2.§ 3 Abs. 1b S. 1 Nr. 3 UStG ist auf Art. 5 Abs. 6 der 6.EG-RL zurückzuführen. Danach wird einer Lieferung gegen Entgelt u.a. gleichgestellt die Entnahme eines Gegenstands durch einen Steuerpflichtigen aus seinem Unternehmen als unentgeltliche Zuwendung oder allgemein für unternehmensfremde Zwecke, wenn dieser Gegenstand oder seine Bestandteile zu einem vollen oder teilweisen Abzug der Mehrwertsteuer berechtigt haben.

Der EuGH hat Art. 5 Abs. 6 der 6. EG-RL dahin verstanden, dass unentgeltliche Zuwendungen den entgeltlichen Lieferungen auch dann gleichgestellt sind, wenn sie zu Zwecken des Unternehmens erfolgt sind (Urteil vom 27.04.1999, Rs.

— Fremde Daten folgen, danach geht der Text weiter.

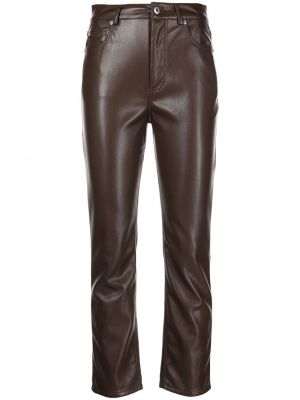 Pantaloni de piele Jonathan Simkhai Standard - Maro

C-48/97, "Kuwait Petroleum", Slg. 1999, I-2323, Rn. 22).

3. Baut ein Unternehmer auf fremdem Grund und Boden eine Straße (Kreisverkehr), wird der Grundstückseigentümer auch der rechtliche Eigentümer des Bauwerks. Jedenfalls dann, wenn sich der Unternehmer keine Nutzungsrechte vorbehalten hat, liegt eine zielgerichtete Zuwendung an den Grundstückseigentümer vor. Diese ist unentgeltlich, wenn der Grundstückseigentümer kein Entgelt für das Bauwerk zu zahlen hat.

4. Im Besprechungsfall entfällt die Unentgeltlichkeit der Zuwendung nicht dadurch, dass der Kläger ohne die Errichtung des Kreisverkehrs von der Gemeinde nicht die Genehmigung für die Errichtung der Tankstelle auf seinem eigenen Grundstück erhalten hätte. Die Erteilung der Baugenehmigung ist ein Hoheitsakt und wäre selbst dann kein Entgelt für die Errichtung des Kreisverkehrs, wenn die Gemeinde die Grundstückseigentümerin wäre.

Auch der Umstand, dass die Baukosten für die Errichtung des Kreisverkehrs in die Bemessung des vom Mieter der Tankstelle zu zahlenden Mietzinses eingeflossen sind, macht die Zuwendung nicht entgeltlich. Der Mieter zahlt die Miete für die Überlassung der Tankstelle und nicht für die Zuwendung des Kreisverkehrs an die öffentliche Hand.